DIRECTIONS:
Output the entries below word for word, stopping once the line containing "On Running Men's" is done, and omit each picture.

AVAILABLE RECORDS:
=== Section Start ===

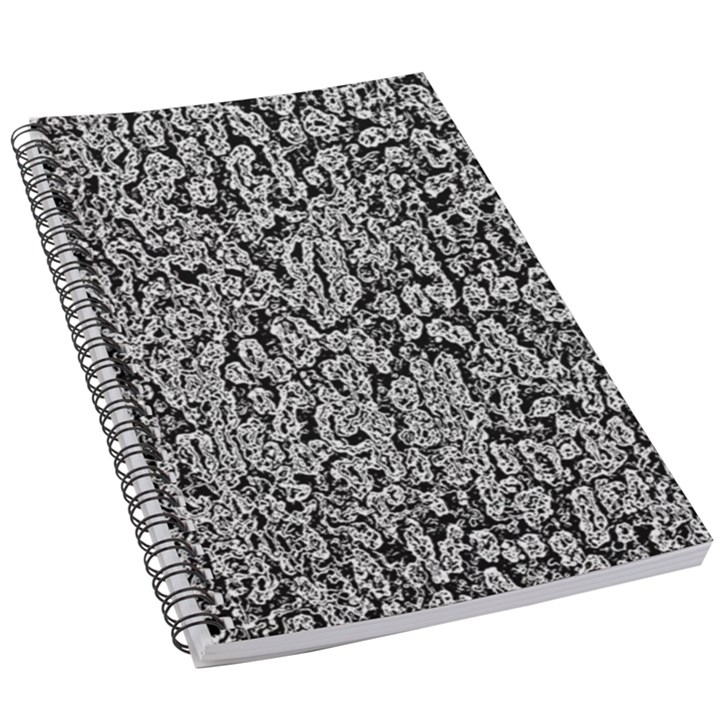 Black And White Abstract 5.5  x 8.5  Notebook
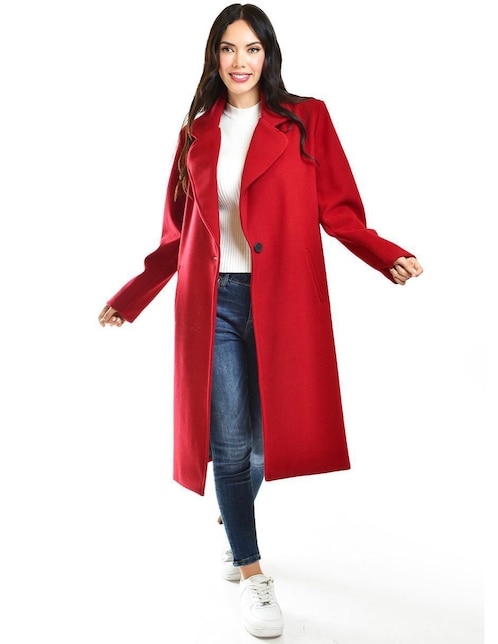 Abrigo Roman Fashion abierto para mujer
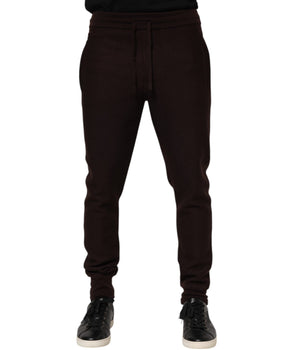 Dolce &amp; Gabbana Brown Cashmere Men Jogger Sweatpants Pants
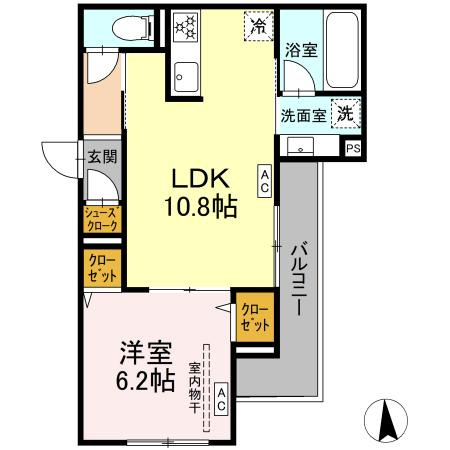 【間取り】 | エスペリア栄町(エスペリアサカエチョウ)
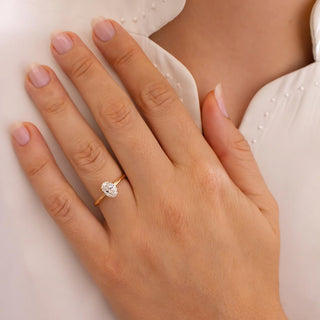 1.0 - 3.0 CT Oval  Lab Grown Diamond Hidden Halo Style Engagement Ring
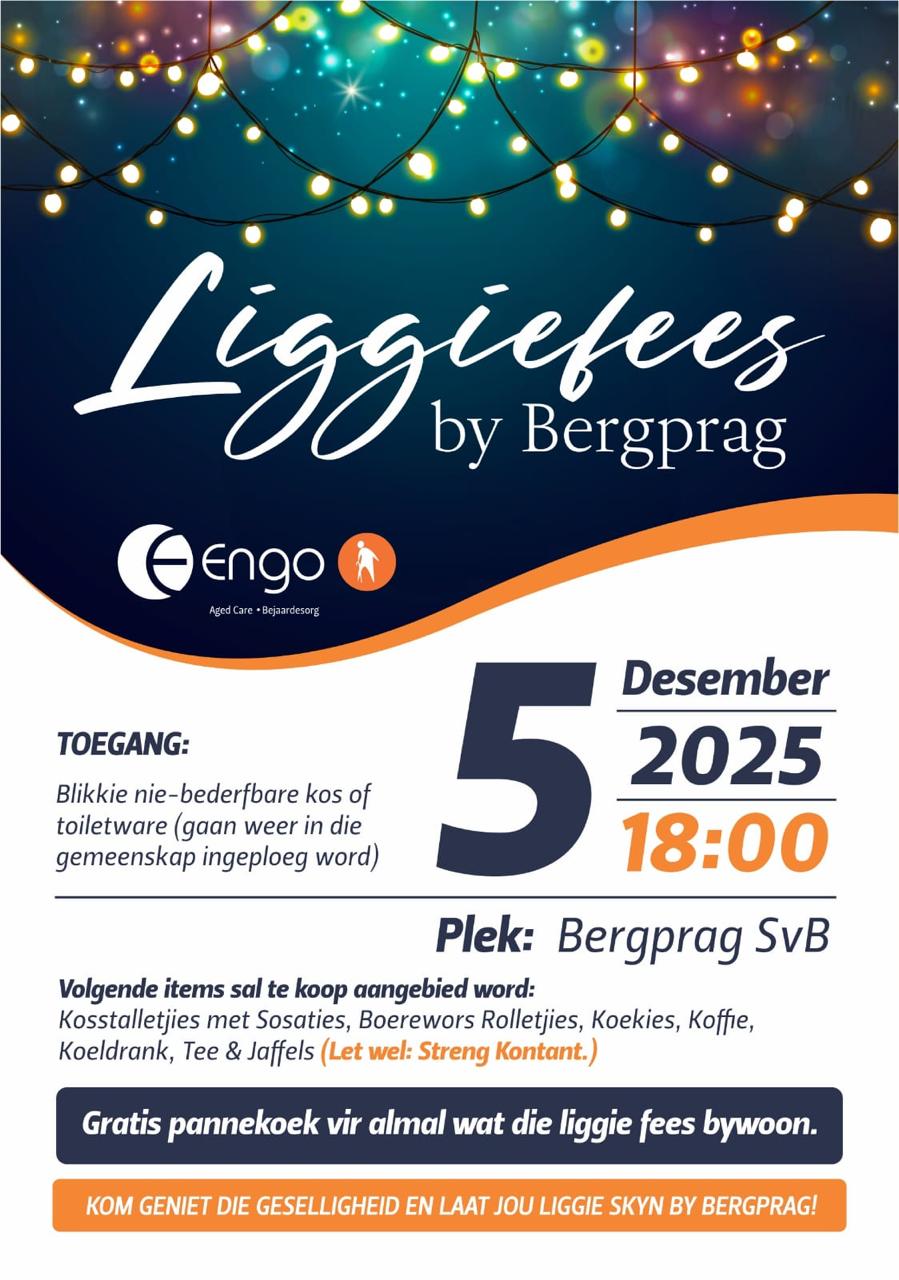 Liggiefees | Bergprag Sentrum vir Bejaardes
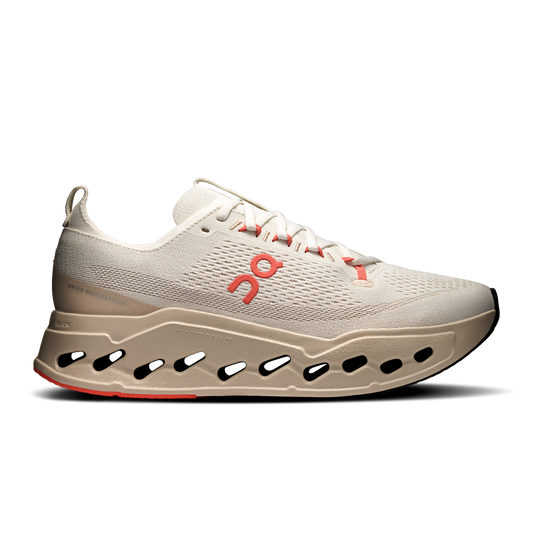 On Running Men's Cloudsurfer Max Shoes - Ivory / Salmon - Shopsportive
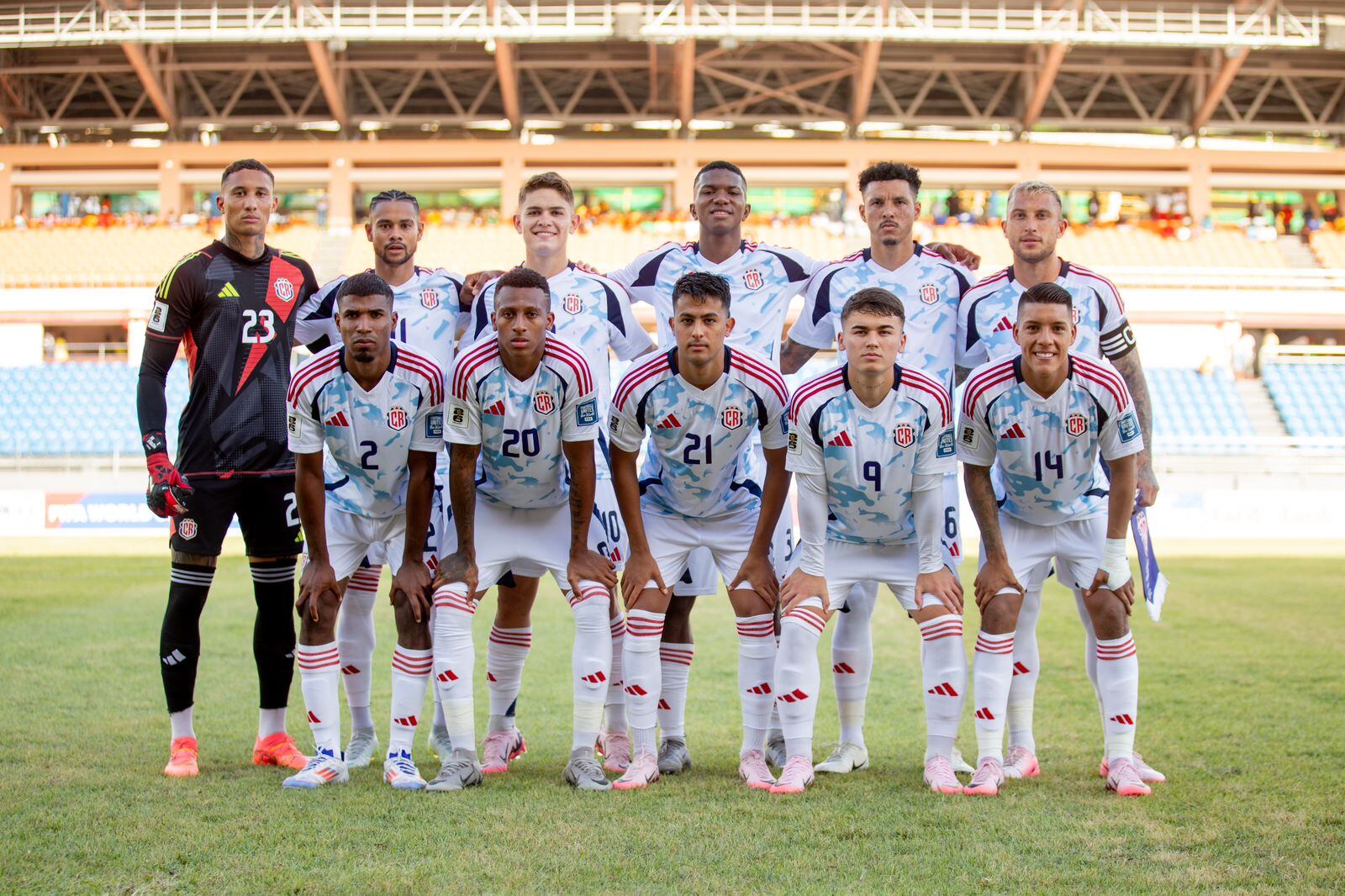 09/06/2024 Granada. La Selección de Granada recibió a la Selección Nacional de Costa Rica, en partido eliminatorio por el área de Concacaf rumbo al campeonato mundial 2026. Foto: Cortesía Fedefútbol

=== Section End ===

TASK RESULT:
 Black And White Abstract 5.5  x 8.5  Notebook
 Abrigo Roman Fashion abierto para mujer
 Dolce &amp; Gabbana Brown Cashmere Men Jogger Sweatpants Pants
 【間取り】 | エスペリア栄町(エスペリアサカエチョウ)
 1.0 - 3.0 CT Oval  Lab Grown Diamond Hidden Halo Style Engagement Ring
 Liggiefees | Bergprag Sentrum vir Bejaardes
 On Running Men's Cloudsurfer Max Shoes - Ivory / Salmon - Shopsportive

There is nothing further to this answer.